Há algumas semanas participei de uma reunião de briefing para o desenvolvimento de uma nova identidade visual para uma empresa que está se propondo a trazer uma nova abordagem para o segmento de seguros. Em algum momento a conversa foi para um lado que eu não esperava. Os proprietários da empresa e potenciais clientes começaram a conversar com o meu chefe sobre aviões, helicópteros e carros importados. Por não conhecer muito desses produtos, permaneci calado e na posição de observador.

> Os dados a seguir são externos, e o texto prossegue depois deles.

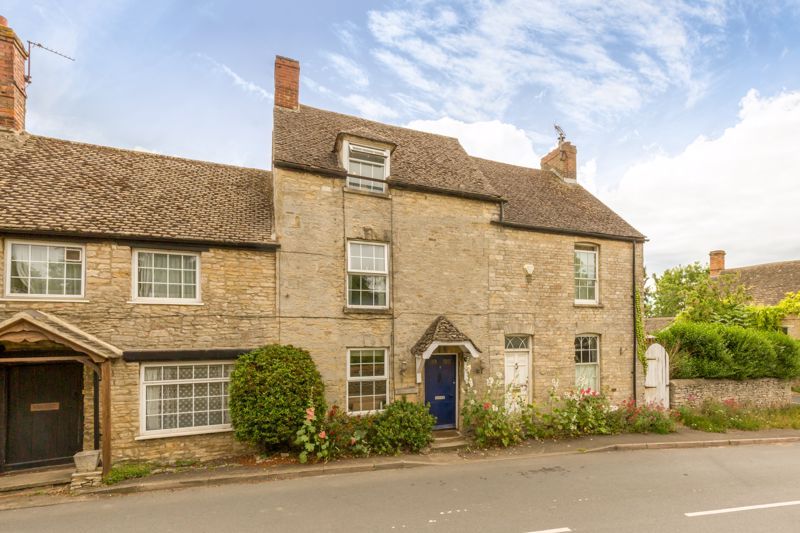 3 bed terraced house for sale in High Street, Islip, Kidlington OX5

A conclusão da conversa foi bem simples: nós nos sentimos mais seguros dirigindo um carro do que pilotando um avião, mesmo que comprovadamente o avião seja mais seguro. Eu fiquei me perguntando quais eram os motivos.
Cheguei a minha conclusão: o ser humano tem complexo de Deus. No carro, importado ou não, nós estamos no controle. No avião, nós somos apenas passageiros. Comecei a entender que essa era uma ótima metáfora para a vida. A vida é um avião e nós somos apenas os tripulantes. Mesmo que seja instintivo, é preciso compreender que controle é uma coisa que não existe, principalmente no século 21. Bauman, dos mais lúcidos sociólogos do seu tempo, definiu a nossa modernidade como líquida. As relações, as pessoas, o mundo é fluído e incontrolável. E aqui está o grande paradoxo do mercado atual. O empresário da geração passada foi ensinado a ter o controle, a verdade e as respostas todas ao seu lado. Vivemos em meio a empresas que não conseguem conviver com dúvidas, incertezas e questionamentos. Isso cria uma realidade onde a credibilidade e o engajamento não existem mais. Seguem alguns problemas que várias corporações estão vivendo: falta de fidelidade dos seus clientes, alta rotatividade de colaboradores, líderes incapazes e pouco empáticos, alta frequência de atritos internos e mau desempenho na ponta.
Segundo pesquisa da Nielsen de 2018, a taxa de mortalidade dos lançamentos da indústria de bens de consumo rápido é superior a 80%. Isso significa que a cada 100 produtos lançados de grandes marcas que nós conhecemos da tv, 80 são jogados no lixo. E eu tenho uma outra novidade, isso só tende a piorar. Porque as pessoas que tem o maior poder de consumo atualmente já têm opções demais. É preciso criar algo que vá além do benefício funcional do produto. A pirâmide de Maslow mudou! Nós, seres humanos, não nos contentamos mais com a satisfação de nossas necessidades básicas, como segurança, sobrevivência e autoestima. A busca hoje é por propósito e construção de comunidades.
Construir um norte que faça sentido, fazer com que essa direção se manifeste para todas as pessoas que estão em volta da sua organização, conscientizar os líderes da empresa e fazer com que essa cadeia se manifeste em forma de cultura, só será possível se os empresários começarem a olhar para dentro e reconhecer que algo está errado. Como já disse o também sociólogo Jesse Souza, “quem não sabe quem é, nunca aprende. Quem nunca aprende, repete”.